## Basic modules

In [1]:
import numpy as np
import os
import scipy

# misc utility functions
import utils.misc as misc

# load model definitions
from utils.loader import ModelLoader

# sklearn
from sklearn.svm import LinearSVC

# ignore convergence warnings from sklearn
import warnings
import sklearn.exceptions
warnings.filterwarnings("ignore", category=sklearn.exceptions.ConvergenceWarning)

# pytorch
import torch
import torch.nn as nn
import torch.nn.functional as F
import torch.optim as optim
import torchvision
from torchvision import datasets, models, transforms

# pandas
import pandas as pd

# matplotlib
import matplotlib.pyplot as plt
%matplotlib inline
%config InlineBackend.figure_format = 'retina'

# seaborn
import seaborn as sns
sns.set()

# pickle
import pickle

# cv2
import cv2
from PIL import Image

# Some more magic so that the notebook will reload external python modules;
# see http://stackoverflow.com/questions/1907993/autoreload-of-modules-in-ipython
%load_ext autoreload
%autoreload 2

## Reading data

The neural-activation (*in pickle format*) data consists of an organized dictionary with the following entries:

* `images_paths`: numpy array containing paths to all the 1960 images
* `image_ctg`: numpy array containing class labels from 0 -> 6
* `image_splits` : 1960 x 10 numpy array containing 10 80:20 train:val splits used in the paper.
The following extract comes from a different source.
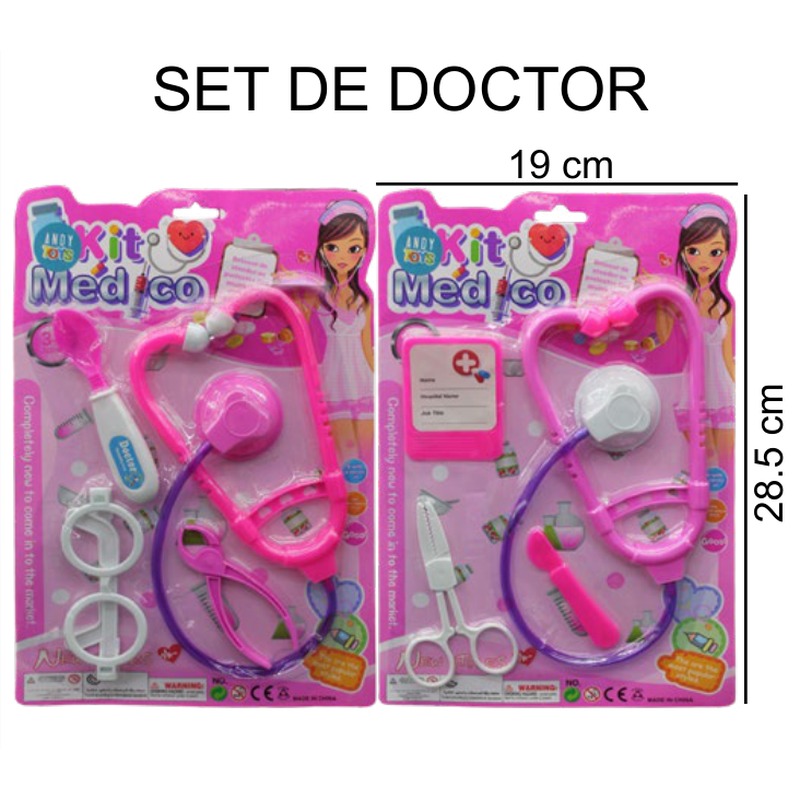 [EB-TS85249] Set Doctor Girls Doctor 6 pz Otoscopio Martillo Reflejos Recetario 21x31 cm — Caja 240 pz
Though I generate my own validation splits for computing the sit scores
* `features`: 168 dimensional(for multi-unit) neural_features for all the images i.e 1960 x 168 numpy array
* `categ_name_map`: dictionary mapping from numeric class label to class name e.g. face, animal etc.

The dataset consists of images belonging to 7 classes and 49 object types. The image paths are arranged in an order such that the images belonging to a particular object type are together. There are 40 images per object in the dataset, so images [1 - 40] belong to object 1, images [41 - 80] belong to object 2 and so on.

In [2]:
data_path = 'data/PLoSCB2014_data_20141216'
with open('data/PLoSCB2014_data_20141216/NeuralData_IT_multiunits.pkl','rb') as f:
    data = pickle.load(f)

In [3]:
# Detect if we have a GPU available
device = torch.device("cuda:0" if torch.cuda.is_available() else "cpu")

## Preparing Input Images

For feeding the cadieu dataset images to the pretrained CNNs, we need to preprocess the images with appropriate reshaping, normalization and other data augmentation steps. In addition, we also need to convert the images to tensors, in order to use pytorch.

In [4]:
# read cadieu dataset images
X = misc.read_images(data['image_paths'],data_path=data_path)

print ("read {} images ... preprocessed input shape: {}".format(X.shape[0],X.shape))

read 1960 images ... preprocessed input shape: torch.Size([1960, 3, 224, 224])


## Read neural features

In [5]:
neural_features = data['features']
print ("read neural features for {} images with shape: {}".format(neural_features.shape[0],neural_features.shape))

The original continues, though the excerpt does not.